[Data extracted from a collection]
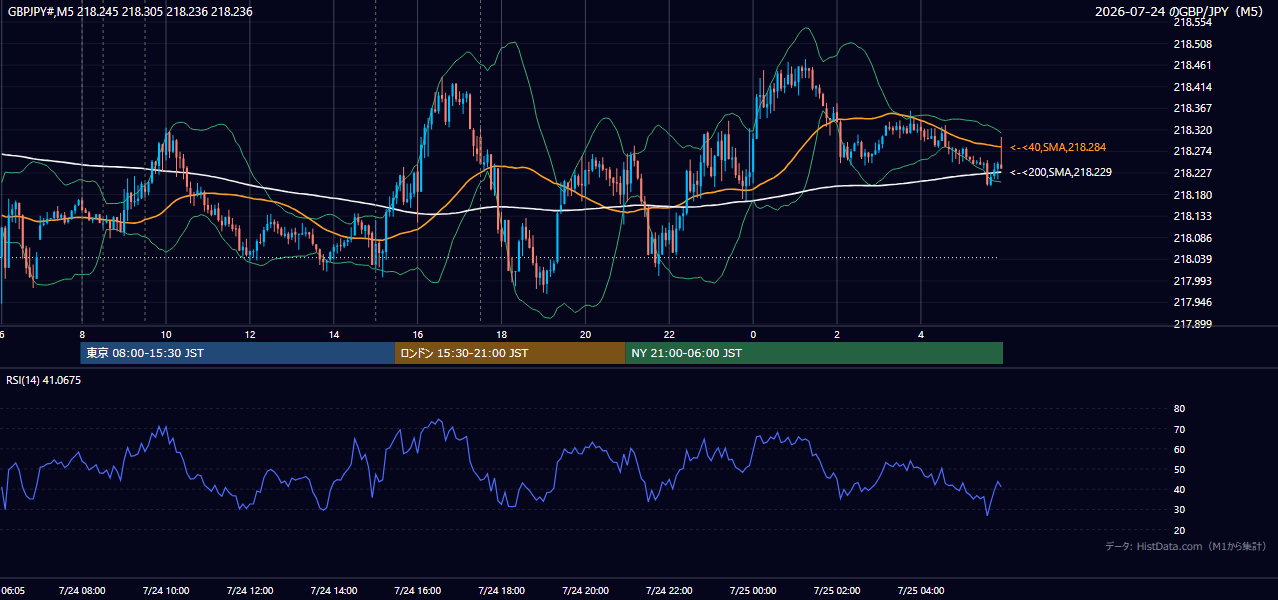 2026-07-24(金) GBP/JPY 5分足チャート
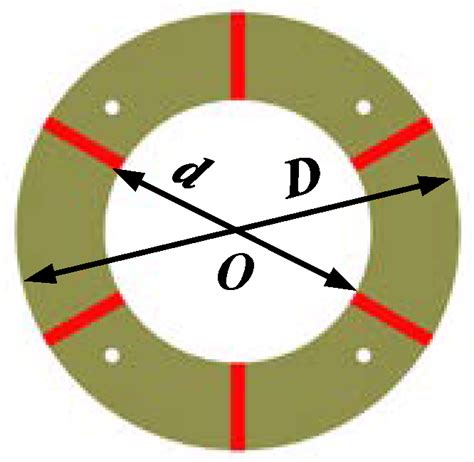 The Measurement of Shear Characteristics of Paddy Soil in Poyang Lake Area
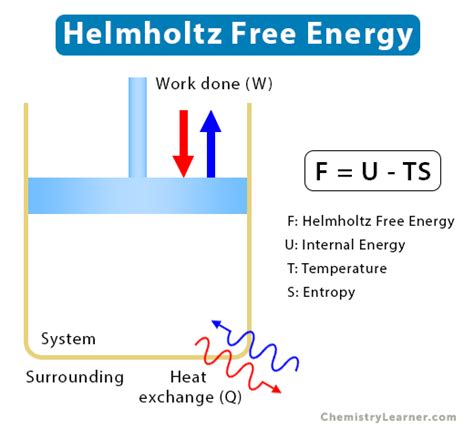 Helmholtz Free Energy: Definition and Equation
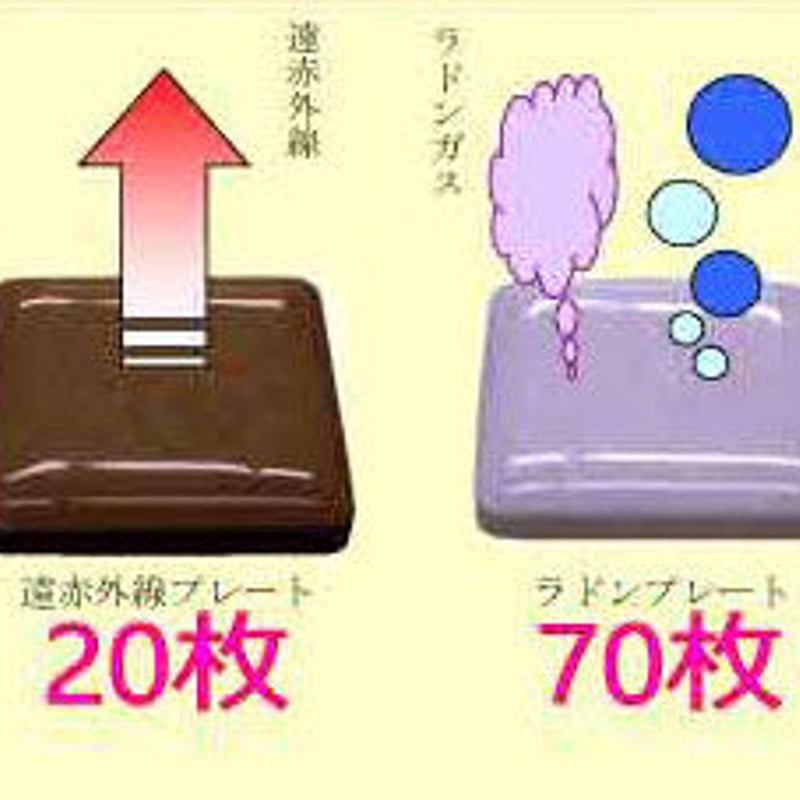 ホルミシスマット Amazon｜スリープヘキサゴン ホルミシス敷パッド 不調を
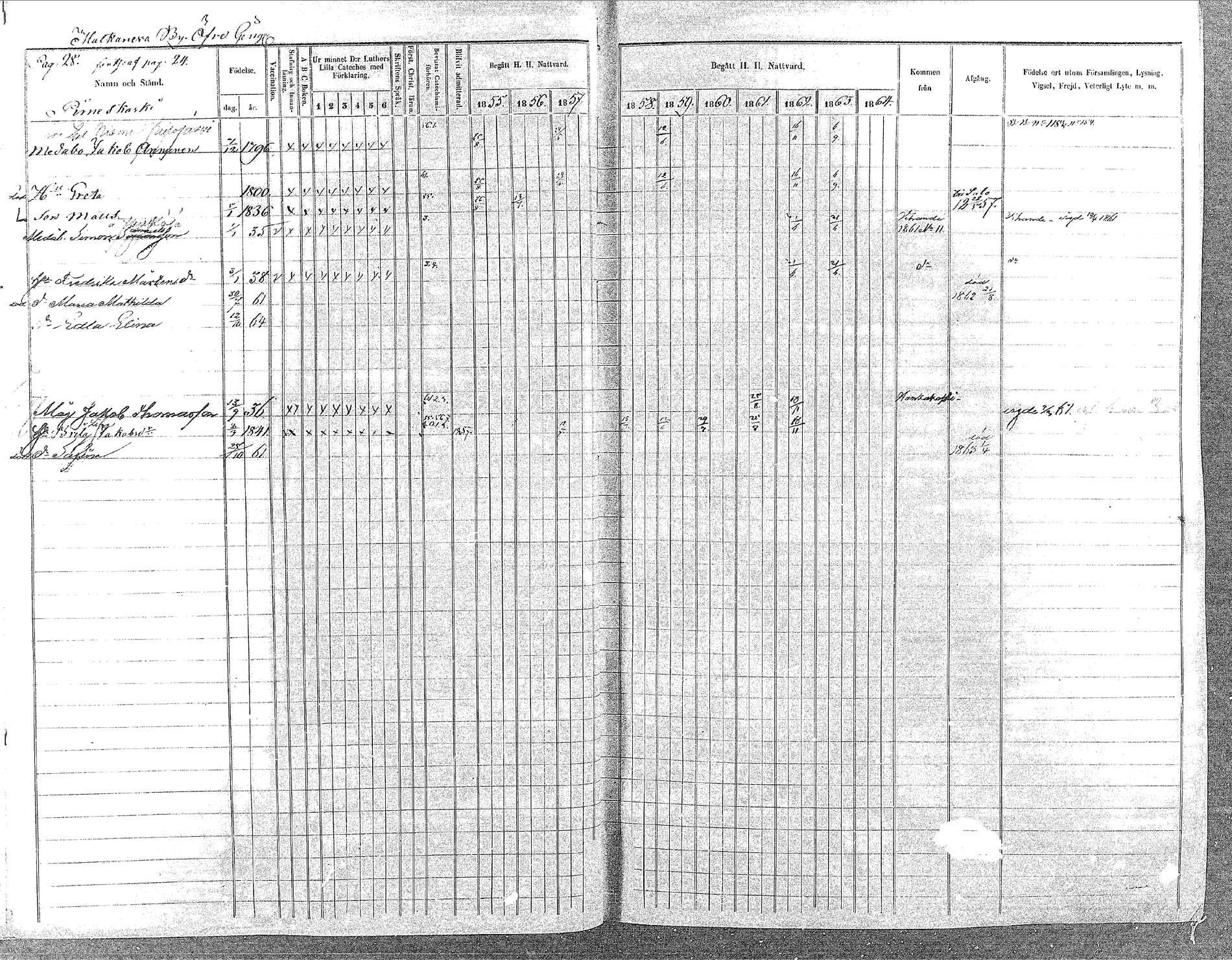 [ ../kirjat/Kirkonkirjat/oulainen/rippikirja_1855-1864_mko90-105/kuvat/28.jpg ]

[What you need to do] Reproduce precisely the lines of the entries above, from the one containing "The Measurement of" through the final one, both ends included, and omit the pictures.

[Response area]
 The Measurement of Shear Characteristics of Paddy Soil in Poyang Lake Area
 Helmholtz Free Energy: Definition and Equation
 ホルミシスマット Amazon｜スリープヘキサゴン ホルミシス敷パッド 不調を
 [ ../kirjat/Kirkonkirjat/oulainen/rippikirja_1855-1864_mko90-105/kuvat/28.jpg ]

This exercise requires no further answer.